LA PORTATA DEI DISORDINI è molto insolita per le autoritarie repubbliche centrasiatiche, e a maggior ragione in Kazakhstan dove fenomeni di radicalismo e violenza sono molto meno diffusi rispetto ai paesi limitrofi. L’efferatezza di alcuni episodi (due poliziotti ad Almaty sono stati ritrovati decapitati), insieme ai numerosi scontri a fuoco e all’assalto di infrastrutture strategiche come l’aeroporto o i grandi ospedali, potrebbero far pensare a una regia esterna. Tanto più in un momento delicato come quello attuale, in cui Russia e Stati Uniti hanno ripreso un dialogo teso a normalizzare le relazioni.

È INDICATIVO CHE il presidente cinese Xi Jinping abbia telefonato a Tokayev ribadendo la determinazione di Pechino ad aiutare il Kazakhstan a uscire dalla crisi ed elogiando le autorità locali per la gestione dell’emergenza, a dispetto dei numerosi morti.

Anche l’Iran, che per ovvi motivi geografici guarda alla vicenda con apprensione (come Pechino), ha ribadito di considerare le rivolte una «questione interna». Il portavoce del ministero degli Esteri di Teheran, Saeed Khatibzadeh, ha detto che «alcuni attori stranieri stanno traendo vantaggio dalla situazione: stabilità e sicurezza sono particolarmente importanti per il Kazakhstan, e ci auguriamo che la pace possa essere ristabilita il più presto possibile».

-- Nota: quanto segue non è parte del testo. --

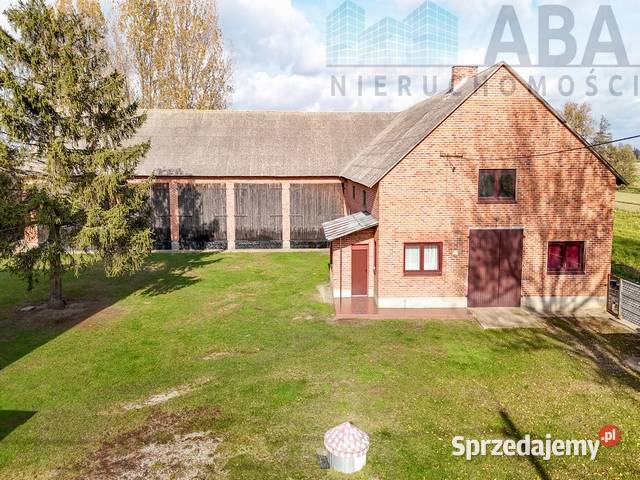 Duże gospodarstwo rolne gm Uniejów Skotniki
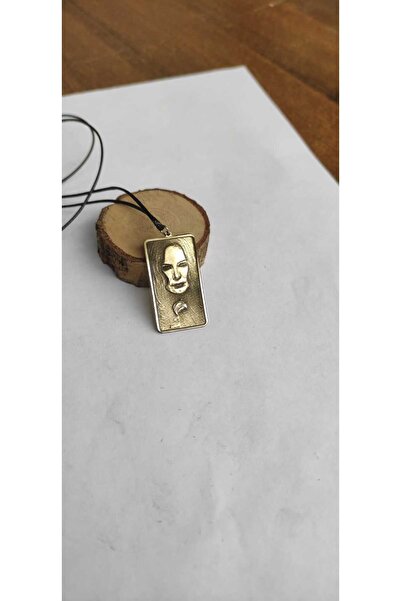 penakolik قلادة شيبنيم فيراه معدنية من النحاس الأصفر مع نقش بالليزر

In ogni caso, occorre tenere presente anche l’impatto del caro dei prezzi energetici a livello globale, che ha gravato ulteriormente sui ceti popolari e sui lavoratori del comparto degli idrocarburi in Kazakhstan: paese che, nonostante ci sia stato una sorta miglioramento della qualità della vita negli anni di Nazarbayev, rimane estremamente povero. Proprio la regione del Mangistau, sulle coste del Mar Caspio, è stata già al centro di imponenti scontri tra operai e forze dell’ordine in passato, per motivi analoghi.